Instructions to follow: Repeat every line of the listing below exactly, minus the pictures.

The data:
- - -

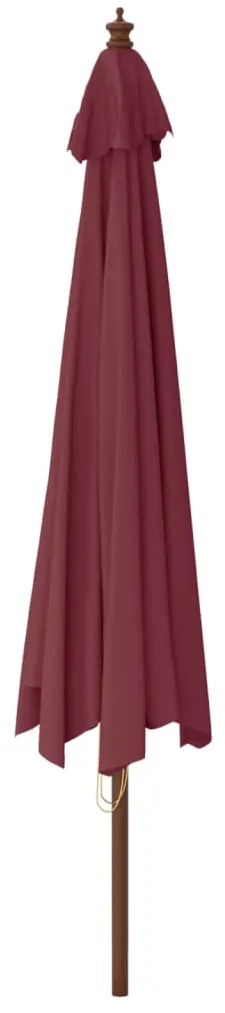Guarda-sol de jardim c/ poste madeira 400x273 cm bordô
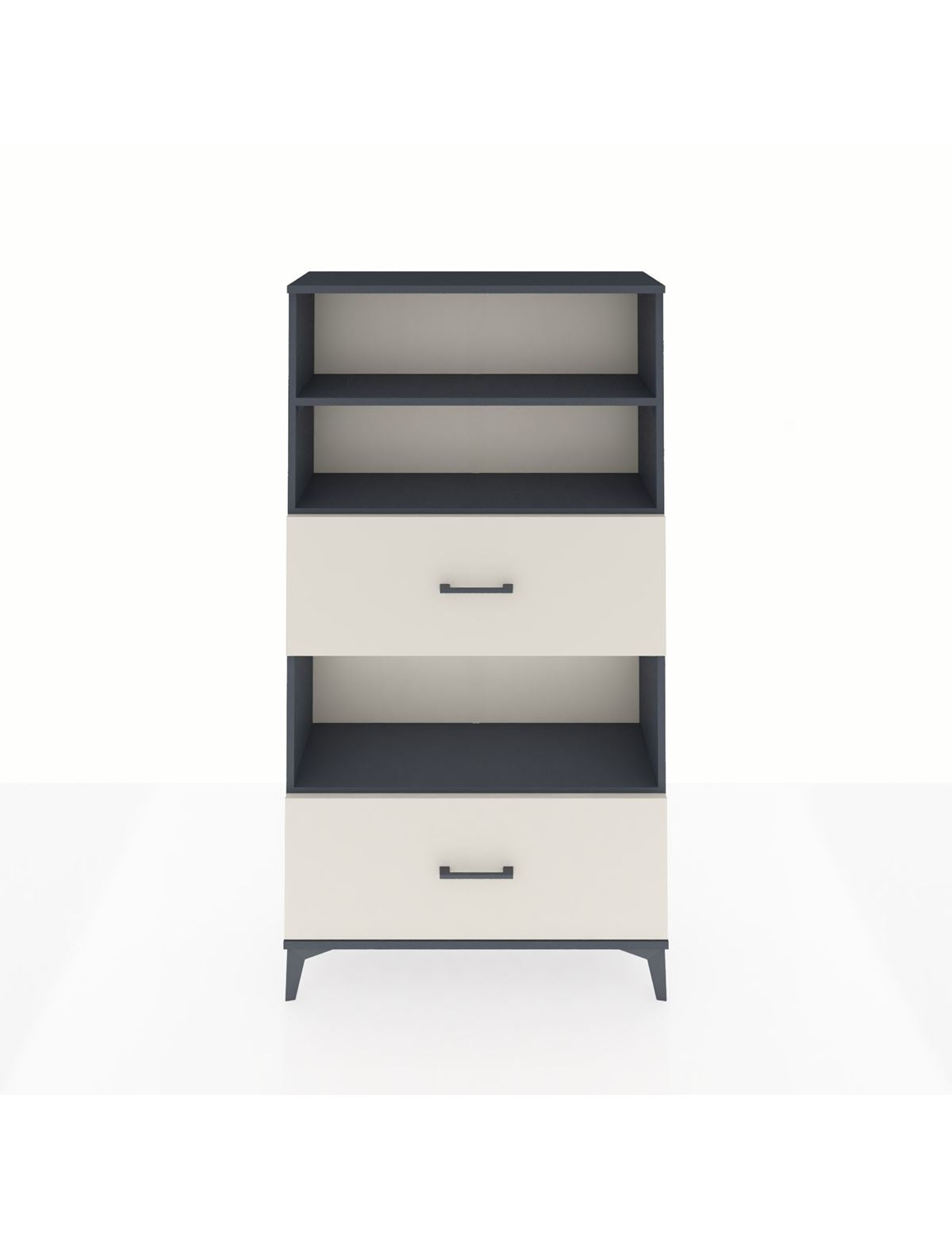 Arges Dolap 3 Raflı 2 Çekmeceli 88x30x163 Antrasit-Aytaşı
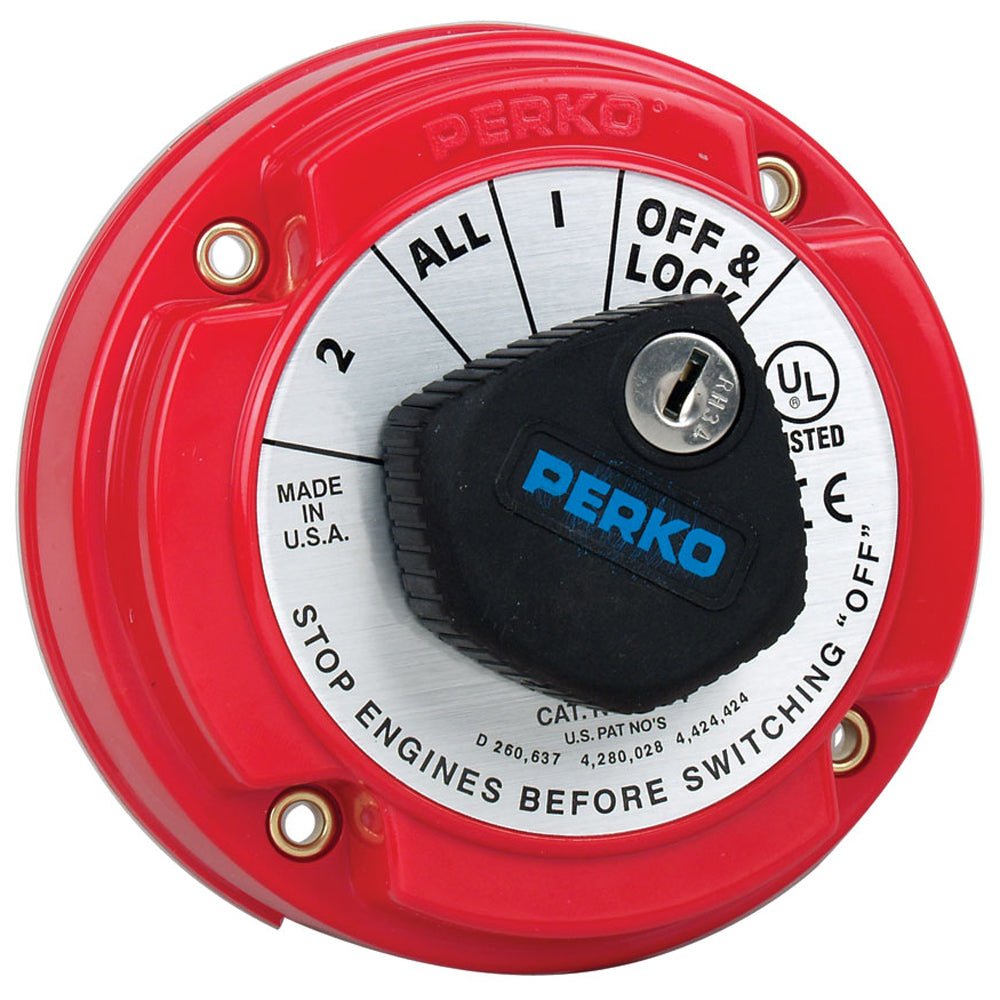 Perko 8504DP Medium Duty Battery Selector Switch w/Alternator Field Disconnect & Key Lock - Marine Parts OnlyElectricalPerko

- - -

Exercise result:
Guarda-sol de jardim c/ poste madeira 400x273 cm bordô
 Arges Dolap 3 Raflı 2 Çekmeceli 88x30x163 Antrasit-Aytaşı
 Perko 8504DP Medium Duty Battery Selector Switch w/Alternator Field Disconnect & Key Lock - Marine Parts OnlyElectricalPerko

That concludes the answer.